Akira Kurusawa'nın en iyi filmlerinden biri. Bir köye saldıran mafyadan, kurtulmayı amaçlayan köylüleri ve bu kurtuluş hikayesini anlatan, çoookk eski olup bir o kadar da yenilik içeren, mükemmel yönetilmiş film.
3,5 saatlik akira kurosava filmi.
son izlediğim 3 saati aşkın film titanic'ti, o da onca efektin, kate winslet'ın memelerinin hatrına ite kaka gitti.
bu öyle böyle değil. 50'lerde kotarılmış, efekt mefekt hak getire, meme desen ucu bile yok, ama başladıktan sonra anca kapanış jeneriğiyle gözlerini kırpabiliyorsun.
kambei ustanın (takashi shimura) her kelamı özlü söz.
al duvarına çak, o derece.
kikuchiyo (toshirô mifune) ise filmin mizah yükünü muhteşem oyunculuğuyla sırtlamış.
kurosava'nın atları da başrolde, hep olduğu gibi.
film, tipik iyiler-kötüler çatışması üzerinden derdini anlatıyor.
tipik derken kurosava gerçeğini gözardı etmemek gerek tabi.
iyiler kazanır, kötüler kaybeder klişesi bu denli sıradışı bir şekilde, 7. sanatın henüz emeklediği dönemde, bu denli aşılmaz kılınır mı?
e be kurosava, senden sonrakiler ne bok yiyecek şimdi.
iyi-kötü filmi çekmeye niyetlenen insan "ulan shichinin no samurai çekilmiş, onun üstüne ne desem ali topu tut" olacak demez mi?
ne kırıyorsun çocukların hevesini?
bu filmde de iyiler kazanır, kötüler kaybeder.

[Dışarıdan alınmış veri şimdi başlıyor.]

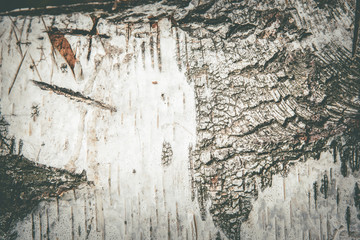 Birch Bark Texture of old tree, dry birch trunk. White uneven bark, chopped off branches.
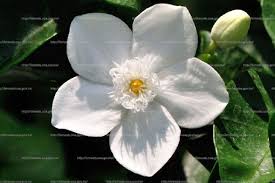 「水蘭」的圖片搜尋結果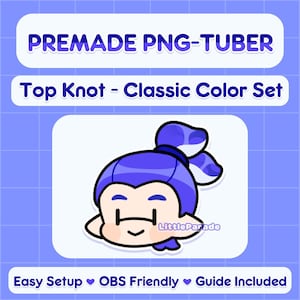 Top Knot Splatuber - 6 Ink Colors, 5 Skin Tones | Premade PNG-tuber Splatoon V-tuber Vtuber Model Livestreaming Stream Twitch Youtube OBS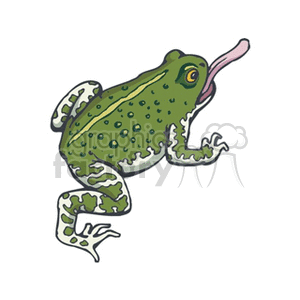 Toad with outstretched tongue clipart.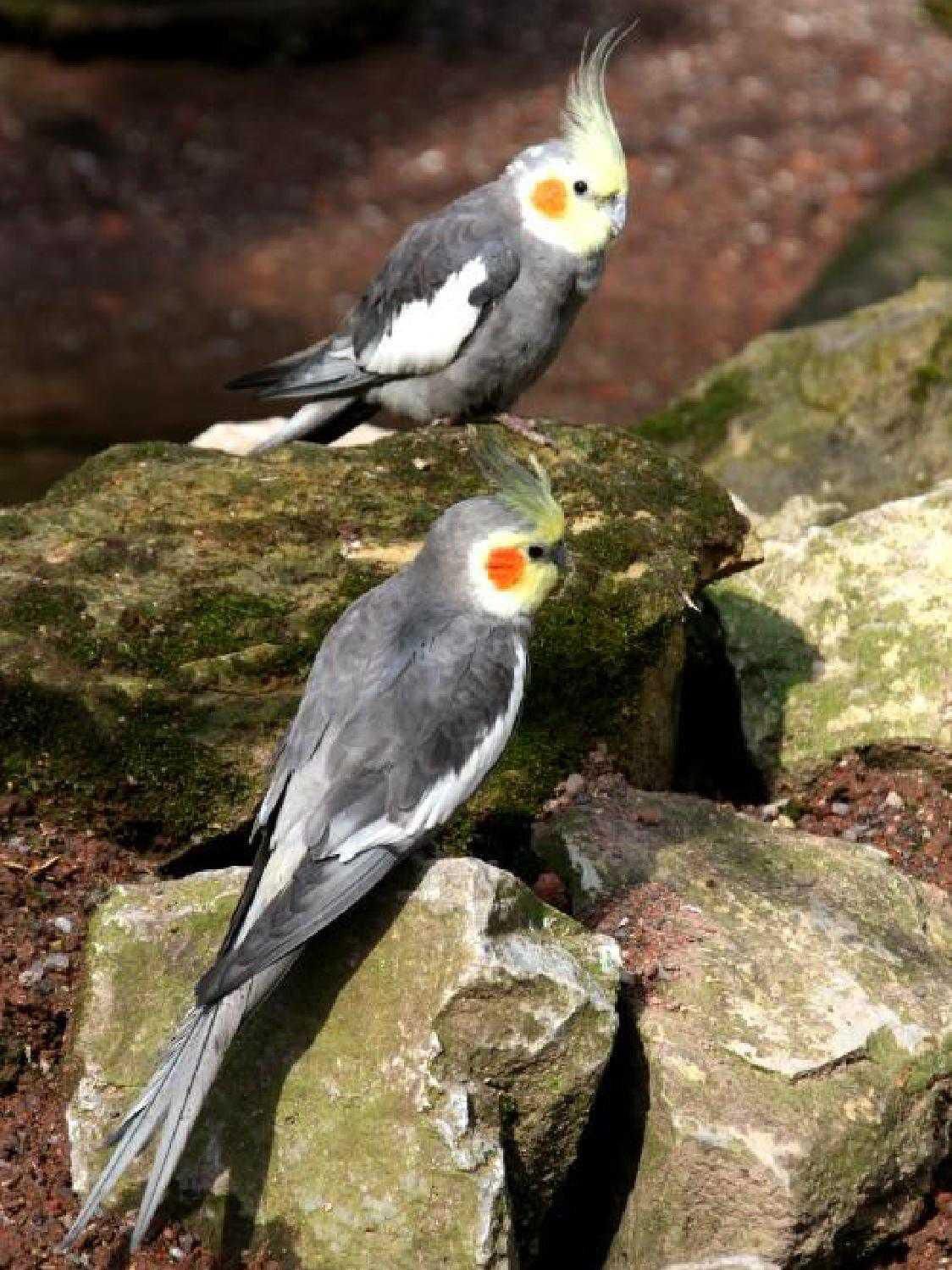 Gazetka promocyjna KAKADU str. 44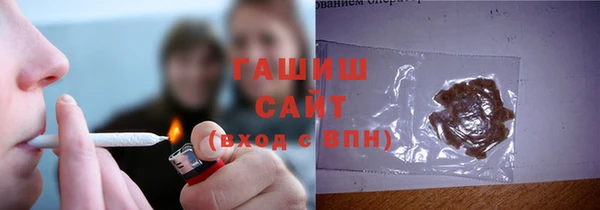 шишки Билибино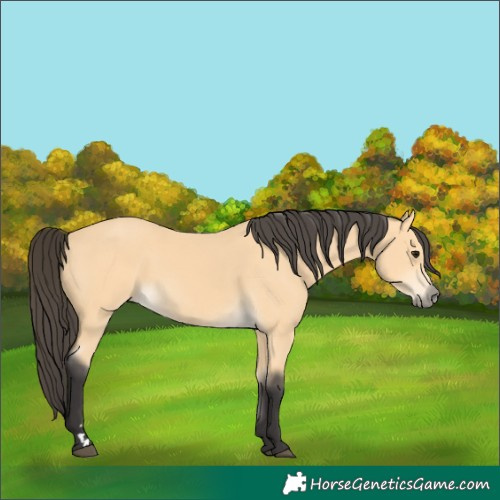 Horse Color:Buckskin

ama işin ilginci, filmin finalinde izleyici 3.5 saat boyunca biriktirdiği enerjiyi katharsis'e dönüştüremez. çünkü iyiler filmlerde olduğu gibi değil, gerçek hayattaki gibi kazanır.
yani bedel ödeyerek.
yani film kısaca diyor ki;
mallığın âlemi yok, zalimler tarafından tek tek sikileceğinize, birleşin örgütlenin zalimleri sikin, kurtulun.
once upon a time in americaile birlikte izlemeye üşendiğim yegane iki yapımdan birisi. ama izledikten sonra çok beğeneceğime dair bir his var içimde. bu tarz uzun ve sinemasal filmler hep beğenimi kazanmıştır üstelik imdb de filmi taçlandırmış. bir gün şeytanın bacağını kırıp görüşlerimi aktaracağım.
köylüler, her hasat vakti köylerini basıp pirinçlerini, paralarını vs. alıp giden eşkiyalardan bunalmışlardır. toplanıp karar alırlar; kendilerini korumak için Samurai kiralayacaklardır,
Yaşlı ...adam: git köye in, bizim için savaşacak samurai bul.
Genç köylü: ?? iyi de onlara ne vereceğiz? hiç paramız yok ki?
Yaşlı adam: (düşünür) biraz pirincimiz var.
Genç köylü: Pirinç mi? pirinci ne yapsınlar?!
Yaşlı adam: Onları iyice gözlemle, aç gibi duranlarla git konuş...
filmin ortasında sanırım on beş dakika süren bir ara vardır. sinema salonundaymış gibi oluyor insan. ama üç küsür saat süren filme de lâzım bu ara azizim. öte yandan ise belki biraz ağırdan alıyor ama gerek samurayların lideri, görmüş geçirmiş ve her daim vâkur takashi shimura, gerek azıcık manyaklığıyla efsane oyuncu toshiro mifune filmi alıp götüren değerler. film sıkıcı da bu karakterler iyi anlamında değil bu, film biraz ağır ama kesinlikle izleniyor eğer verilen araya da uyarsanız. bir de hepsinden öte, az konuşan ve kılıca en iyi hükmeden samuray vardı ki, o beni en çok etkileyendi.